[Estimation of and Control Strategies for Pollution Loads from Non-point Sources in the Chenghai Watershed].

The calculation of non-point source (NPS) pollutant loads of nitrogen and phosphorus is the key step in preparing a pollution control plan. This study modified the export coefficient model by taking into account the precipitation, slope, distance between pollution sources and water bodies, and other relevant factors. The NPS pollution load assessment method established in this study can be applied to data-scarce basins and is suitable for plateau lake regions affected by terrain and precipitation. In this study, Chenghai Lake, which belongs to one of the nine major plateau lakes in Yunnan Province, is selected for the case study. This study first verifies the rationality of the improved export coefficient model based on actual observed values, and then utilizes the improved export coefficient model to assess the loads of dissolved nitrogen (DN) and dissolved phosphorus (DP) pollution. As indicated by the results, in 2014, the loads of DN and DP into Chenghai Lake are 158.48 t·a and 24.70 t·a, respectively. The maximum contributions of DN and DP pollution load into Chenghai Lake are from agricultural cultivated land are 46.19% and 48.16%, respectively, in terms of land use. The results present a relatively consistent spatial distribution of DN and DP that indicates that the south bank is a key area for governance.
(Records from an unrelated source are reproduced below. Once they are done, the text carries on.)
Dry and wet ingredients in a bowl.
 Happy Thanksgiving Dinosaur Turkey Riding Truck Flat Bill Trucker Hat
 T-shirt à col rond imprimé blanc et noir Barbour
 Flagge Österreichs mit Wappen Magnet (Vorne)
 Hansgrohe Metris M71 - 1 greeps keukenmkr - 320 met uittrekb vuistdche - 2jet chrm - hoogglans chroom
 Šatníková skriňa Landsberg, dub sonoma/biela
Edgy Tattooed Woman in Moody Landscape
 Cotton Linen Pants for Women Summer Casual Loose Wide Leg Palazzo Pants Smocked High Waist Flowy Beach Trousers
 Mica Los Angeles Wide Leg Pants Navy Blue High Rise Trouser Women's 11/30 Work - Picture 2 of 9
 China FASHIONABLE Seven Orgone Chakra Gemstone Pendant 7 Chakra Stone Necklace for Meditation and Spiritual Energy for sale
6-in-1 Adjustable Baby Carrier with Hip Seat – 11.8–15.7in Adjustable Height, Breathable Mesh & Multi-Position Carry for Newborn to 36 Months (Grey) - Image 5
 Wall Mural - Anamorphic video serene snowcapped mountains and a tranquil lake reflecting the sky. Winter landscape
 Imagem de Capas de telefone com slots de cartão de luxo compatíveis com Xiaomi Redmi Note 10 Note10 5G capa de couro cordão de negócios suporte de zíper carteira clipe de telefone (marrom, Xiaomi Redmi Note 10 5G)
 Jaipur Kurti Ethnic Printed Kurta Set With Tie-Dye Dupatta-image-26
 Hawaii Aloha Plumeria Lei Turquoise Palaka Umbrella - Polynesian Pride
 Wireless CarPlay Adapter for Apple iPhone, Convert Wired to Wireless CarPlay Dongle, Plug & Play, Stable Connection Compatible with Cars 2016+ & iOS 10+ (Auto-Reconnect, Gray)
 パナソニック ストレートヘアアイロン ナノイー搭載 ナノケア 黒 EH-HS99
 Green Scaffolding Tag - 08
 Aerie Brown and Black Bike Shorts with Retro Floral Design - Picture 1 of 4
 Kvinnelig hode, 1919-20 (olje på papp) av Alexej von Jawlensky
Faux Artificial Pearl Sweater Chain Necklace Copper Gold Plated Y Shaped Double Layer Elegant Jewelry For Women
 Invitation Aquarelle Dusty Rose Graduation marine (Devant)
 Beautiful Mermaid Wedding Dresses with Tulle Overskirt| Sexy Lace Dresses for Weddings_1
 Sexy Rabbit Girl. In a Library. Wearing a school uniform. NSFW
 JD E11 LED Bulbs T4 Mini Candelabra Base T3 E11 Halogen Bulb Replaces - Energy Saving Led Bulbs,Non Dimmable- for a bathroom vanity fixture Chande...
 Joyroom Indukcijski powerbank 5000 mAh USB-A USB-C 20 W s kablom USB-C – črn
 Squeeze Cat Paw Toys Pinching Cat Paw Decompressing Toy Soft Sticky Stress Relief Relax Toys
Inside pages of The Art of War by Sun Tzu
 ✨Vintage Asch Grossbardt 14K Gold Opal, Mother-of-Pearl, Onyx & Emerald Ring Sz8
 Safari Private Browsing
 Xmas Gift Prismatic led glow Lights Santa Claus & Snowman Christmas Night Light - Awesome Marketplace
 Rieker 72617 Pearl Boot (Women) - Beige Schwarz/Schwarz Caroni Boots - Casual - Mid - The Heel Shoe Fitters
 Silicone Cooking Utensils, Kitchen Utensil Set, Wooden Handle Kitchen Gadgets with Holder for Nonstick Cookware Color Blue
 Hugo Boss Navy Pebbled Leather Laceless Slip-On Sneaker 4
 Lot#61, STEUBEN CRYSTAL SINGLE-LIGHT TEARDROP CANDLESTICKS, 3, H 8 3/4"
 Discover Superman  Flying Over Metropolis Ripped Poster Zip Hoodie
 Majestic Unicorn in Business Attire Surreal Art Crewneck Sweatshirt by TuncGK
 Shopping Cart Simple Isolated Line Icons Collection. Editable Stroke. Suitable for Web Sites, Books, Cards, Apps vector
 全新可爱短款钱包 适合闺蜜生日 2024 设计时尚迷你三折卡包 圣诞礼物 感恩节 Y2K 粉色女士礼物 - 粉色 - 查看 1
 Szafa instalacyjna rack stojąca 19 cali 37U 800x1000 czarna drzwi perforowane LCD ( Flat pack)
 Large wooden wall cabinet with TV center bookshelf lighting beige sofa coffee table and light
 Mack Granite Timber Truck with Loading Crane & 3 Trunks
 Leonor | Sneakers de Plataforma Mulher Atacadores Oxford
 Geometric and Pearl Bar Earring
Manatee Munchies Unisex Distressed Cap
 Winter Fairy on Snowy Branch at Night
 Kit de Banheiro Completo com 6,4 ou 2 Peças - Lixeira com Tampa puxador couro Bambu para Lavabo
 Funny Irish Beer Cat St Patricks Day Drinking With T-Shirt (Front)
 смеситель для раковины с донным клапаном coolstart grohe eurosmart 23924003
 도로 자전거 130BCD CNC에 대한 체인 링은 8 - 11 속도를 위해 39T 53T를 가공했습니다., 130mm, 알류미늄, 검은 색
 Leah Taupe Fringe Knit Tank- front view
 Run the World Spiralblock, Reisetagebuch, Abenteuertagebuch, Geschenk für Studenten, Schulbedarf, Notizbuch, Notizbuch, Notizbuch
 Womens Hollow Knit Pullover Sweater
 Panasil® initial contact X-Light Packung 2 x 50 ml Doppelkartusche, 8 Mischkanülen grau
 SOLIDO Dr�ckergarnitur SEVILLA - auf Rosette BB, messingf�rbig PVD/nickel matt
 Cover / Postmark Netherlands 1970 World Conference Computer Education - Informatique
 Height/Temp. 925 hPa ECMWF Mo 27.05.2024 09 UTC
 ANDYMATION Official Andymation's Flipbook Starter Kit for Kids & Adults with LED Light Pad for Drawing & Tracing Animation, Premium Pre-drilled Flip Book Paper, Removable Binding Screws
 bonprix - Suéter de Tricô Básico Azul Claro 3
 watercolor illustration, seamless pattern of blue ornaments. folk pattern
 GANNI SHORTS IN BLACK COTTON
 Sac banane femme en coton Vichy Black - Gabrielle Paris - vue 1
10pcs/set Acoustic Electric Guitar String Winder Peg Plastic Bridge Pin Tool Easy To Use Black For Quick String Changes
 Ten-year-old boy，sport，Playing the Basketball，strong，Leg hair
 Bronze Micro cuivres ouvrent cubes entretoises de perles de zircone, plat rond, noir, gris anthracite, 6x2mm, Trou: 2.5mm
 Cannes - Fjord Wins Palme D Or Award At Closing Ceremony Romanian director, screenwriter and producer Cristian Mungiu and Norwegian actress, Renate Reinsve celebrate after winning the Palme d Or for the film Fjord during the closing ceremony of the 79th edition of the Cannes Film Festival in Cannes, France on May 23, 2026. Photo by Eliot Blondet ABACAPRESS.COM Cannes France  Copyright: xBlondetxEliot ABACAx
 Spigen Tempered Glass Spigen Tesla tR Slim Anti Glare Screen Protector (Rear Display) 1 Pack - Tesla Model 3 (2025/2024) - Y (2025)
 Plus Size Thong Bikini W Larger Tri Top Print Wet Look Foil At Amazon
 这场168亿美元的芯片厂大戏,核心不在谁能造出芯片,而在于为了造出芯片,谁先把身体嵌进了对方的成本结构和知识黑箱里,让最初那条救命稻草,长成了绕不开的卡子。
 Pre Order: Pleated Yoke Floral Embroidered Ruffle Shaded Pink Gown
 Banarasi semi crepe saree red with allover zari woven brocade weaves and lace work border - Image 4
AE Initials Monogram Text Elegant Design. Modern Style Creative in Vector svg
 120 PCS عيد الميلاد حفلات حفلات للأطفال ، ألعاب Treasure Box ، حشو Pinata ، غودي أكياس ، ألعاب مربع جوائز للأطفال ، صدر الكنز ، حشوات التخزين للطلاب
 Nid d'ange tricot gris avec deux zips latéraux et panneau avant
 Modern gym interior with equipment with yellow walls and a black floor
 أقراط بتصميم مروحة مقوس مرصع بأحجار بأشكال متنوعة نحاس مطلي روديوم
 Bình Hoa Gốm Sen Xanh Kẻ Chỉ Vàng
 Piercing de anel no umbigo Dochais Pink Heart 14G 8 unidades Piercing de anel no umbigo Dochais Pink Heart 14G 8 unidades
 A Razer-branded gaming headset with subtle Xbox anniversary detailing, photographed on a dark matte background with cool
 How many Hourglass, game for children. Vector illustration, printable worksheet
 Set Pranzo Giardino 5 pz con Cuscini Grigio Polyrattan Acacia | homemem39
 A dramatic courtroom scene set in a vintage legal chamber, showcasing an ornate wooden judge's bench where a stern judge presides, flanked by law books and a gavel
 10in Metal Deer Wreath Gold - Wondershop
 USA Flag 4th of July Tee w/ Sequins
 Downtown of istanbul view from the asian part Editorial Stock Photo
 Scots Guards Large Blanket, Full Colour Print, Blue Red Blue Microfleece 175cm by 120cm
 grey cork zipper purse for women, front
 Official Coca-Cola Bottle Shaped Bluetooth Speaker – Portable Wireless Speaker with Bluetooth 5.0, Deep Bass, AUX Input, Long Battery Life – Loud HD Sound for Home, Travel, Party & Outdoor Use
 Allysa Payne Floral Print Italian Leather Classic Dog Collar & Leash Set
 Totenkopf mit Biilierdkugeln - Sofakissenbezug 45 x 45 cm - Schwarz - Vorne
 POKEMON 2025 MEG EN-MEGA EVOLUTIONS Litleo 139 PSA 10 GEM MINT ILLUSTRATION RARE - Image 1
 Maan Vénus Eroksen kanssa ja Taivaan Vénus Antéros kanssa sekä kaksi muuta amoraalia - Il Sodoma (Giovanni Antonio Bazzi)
Livestock and rural living are the main pollution sources influencing the load of DN and DP into Chenghai Lake and should be prioritized for control. If the pollution from rural living, livestock, fertilizer loss, and land use can be effectively controlled, the load of DN and DP into Chenghai Lake will be decreased by a maximum of 38.47% and 40.76%, respectively. The results of this study suggest that the improved export coefficient model can be applied for study of the NPS pollution assessment of plateau lake regions and can provide a theoretical basis for the NPS pollution control of the Chenghai Lake basin.